More than eight hours after the Iraqi announcement, the U.S. military said it still had no confirmation that Abu Ayyub al-Masri, an Egyptian, had been seized.
If true, the arrest would be another blow for Sunni Islamist al Qaeda, which has been forced to regroup in northern Iraq after a wave of U.S. military assaults in the past year.
An Interior Ministry spokesman said an associate of Masri detained in an earlier operation took Iraqi security forces late on Wednesday to where the al Qaeda leader was hiding.
After being detained, Masri confessed to being the al Qaeda in Iraq leader, he said, adding that his identity still had to be confirmed. Other Iraqi security officials said the suspect, also known as Abu Hamza al-Muhajir, was in U.S. custody for identification. U.S. military officials did not comment on this.
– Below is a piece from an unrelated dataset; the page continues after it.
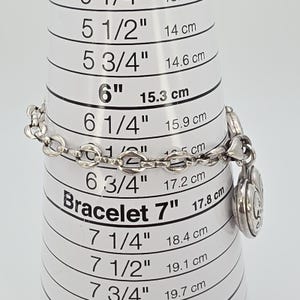 BRIGHTON Love Heart Charm Bracelet Scrollwork Silver Plate 6.5" FREE HIPPING!! image 7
Al Qaeda in Iraq was headed by the Jordanian militant Abu Musab al-Zarqawi until he was killed in a U.S. air strike in June 2006. His successor, Masri, was Zarqawi's close associate, and has a U.S. bounty of $5 million on his head.
Duraid Kashmula, the governor of Nineveh province of which Mosul is the capital, said the detained man had confessed to being Masri. "When police entered the house, they found him asleep," Kashmula said, adding the suspect was alone.
"These is no doubt that the person arrested is Masri. The operation was very quick and easy. There were no clashes," he added.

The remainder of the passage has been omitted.